Lucio Victorio Mansilla

Escritor ar­gentino; nació en Buenos Aires en 1831 y murió en París en 1913. Hijo del general del mismo nombre y sobrino del dictador Rosas, pasó buena parte de su juventud en el extran­jero, primero, en ocasión de un viaje a la India, que aprovechó para visitar el Medio Oriente e Inglaterra; después, con motivo de la caída de Rosas, pues acompañó a su padre en la emigración y se estableció con él en París.

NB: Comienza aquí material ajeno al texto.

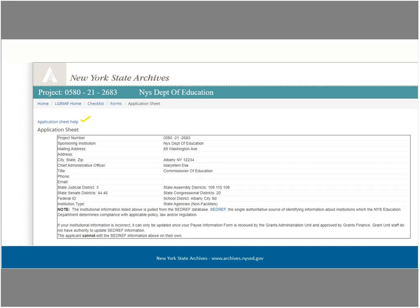A quick reminder on navigation in eGrants: once you are in the Initial Application Forms menu, at the top of each page is a toolbar with the following links — Home, which takes you to the eGrants homepage; LGRMIF Home, which takes you to the list of applications; Checklist, which is the menu for the Initial Application Forms, Final Reporting, and Amendments section; and Forms, which gets highlighted once you have clicked on a particular section of the Initial Application Forms menu. You can use these links instead of your browser back button.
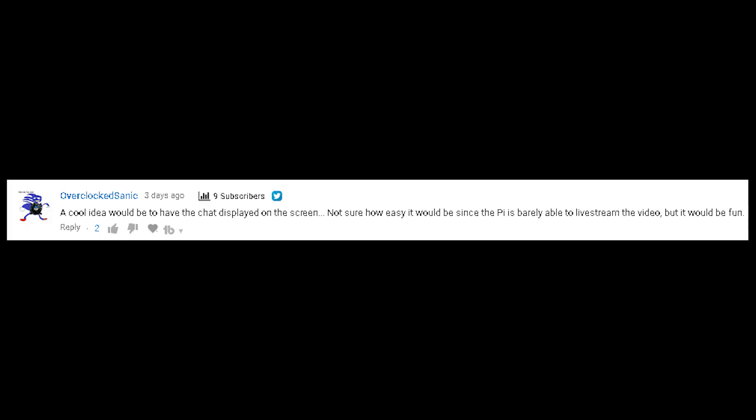Besides the fact that I don't know if there's actually a dedicated YouTube livestreaming camera on the market, it's about seeing a problem and finding a creative way to solve it. A cool idea would be to have a chat displayed on the screen — not sure how easy it is, since the Pi is barely able to livestream the video, but it would be fun.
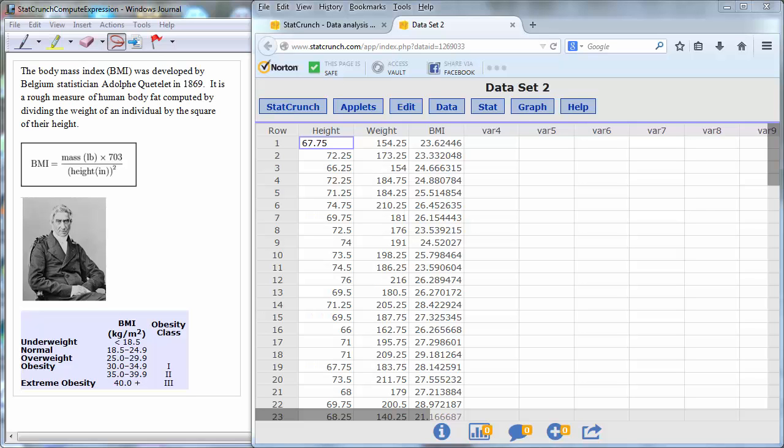In this video, we will learn how to bin data in StatCrunch. This means we will take a numerical variable and convert it to a categorical variable.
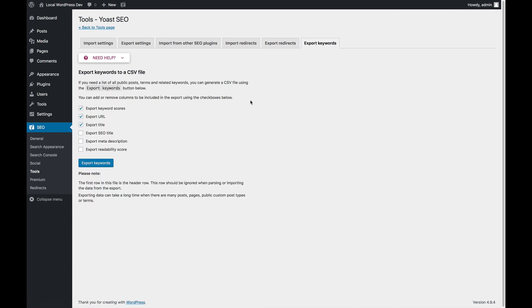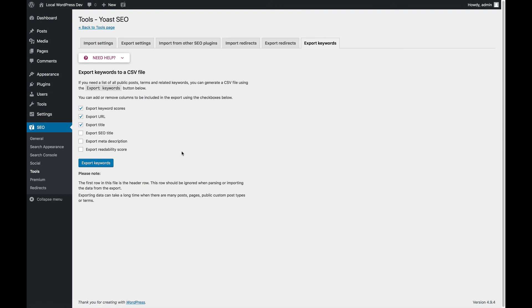Lastly, if you're using Premium, you can export your keywords. You can export things like your SEO title and meta description if you want to work on these in another location. So you can export all of these fields into one long CSV file, which you can later on import in things like Excel or Google Sheets or Numbers if you're a Mac user.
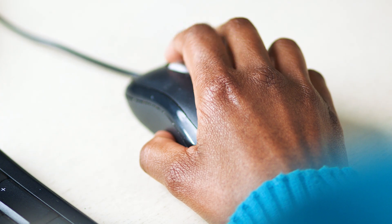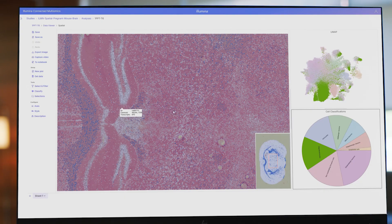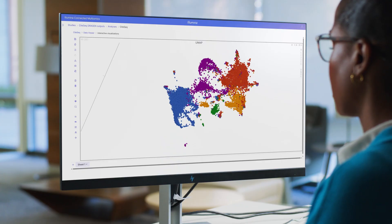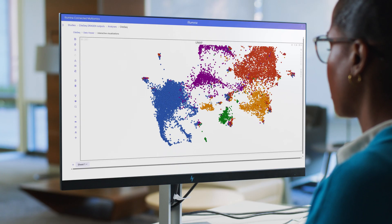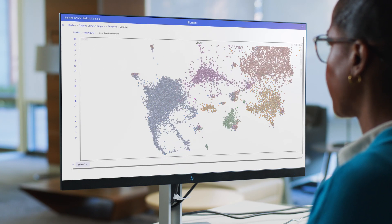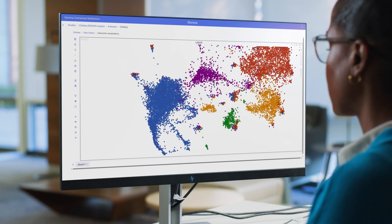Illumina Connected Multiomics makes exploring my data so easy. With its graphical interface, I get to explore data at my own pace and have more productive collaborations with my bioinformatics colleagues.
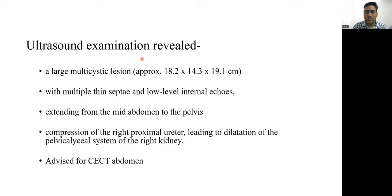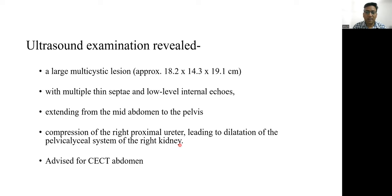The ultrasound examination revealed a large multicystic lesion with multiple thin septa and low-level internal echoes extending from the mid abdomen to the pelvis, causing mass effect on the right proximal ureter leading to dilatation of the pelvicalyceal system of the right kidney. We advised a contrast-enhanced CT abdomen for better depiction of this complex cystic lesion.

Defendió primero la causa de la Confederación y fue diputado; preconizó después desde la prensa una política de concordia con la Confederación desde Bue­nos Aires y acabó asistiendo como capitán y secretario del general Emilio Mitre a la batalla de Pavón. Su valentía en la guerra con Paraguay le valió el grado de coronel. Llegó a general de división en 1890, desem­peñó algunas misiones diplomáticas y acabó su vida en París, cuando ya la ceguera lo obligaba a dictar.

En 1869, cuando era co­ronel, Sarmiento le confirió el mando de la zona fronteriza de Río Cuarto, donde tuvo ocasión de realizar una labor de pro­funda penetración entre los indios y llegó a arriesgar su vida en incursiones de paz, con una pequeña escolta: su obra fue fecunda, pero más interesante resultó la expresión literaria de sus trabajos en su producción más importante: Una excursión a los indios ranqueles (v.). Mansilla fue un pe­riodista incansable, político, militar y hom­bre de letras: entre sus defectos, podemos señalar la vanidad y la pedantería; entre sus virtudes, la sinceridad y el talento. Suele hablar siempre en primera persona; está satisfecho de sí mismo y de su elegancia; es un buen conversador; su «yo» aparece dominador en sus Entre nos: «causeries» de los jueves (1889-1890), Retratos y recuerdos (1894), donde figuran espléndidas siluetas de los políticos de la Confederación, y en Mis memorias (1911), que no pasaron de sus tiempos infantiles.

Publicó también otra clase de trabajos, además de diversas tra­ducciones y algunos intentos de teatro (Una Tía, 1864, y Atar Gull, 1864): unos Estudios morales (1864) y un ensayo de pretensiones histórico-psicológicas sobre Rosas (1898). Pero después de su espléndido libro sobre los indios ranqueles, clásico en las letras argentinas, las páginas más interesantes de este elegante, pretencioso y afrancesado ar­gentino las encontramos en sus «Causeries» de los jueves, que hemos citado ya, aunque su suficiencia lo lleve muchas veces al des­cuido literario.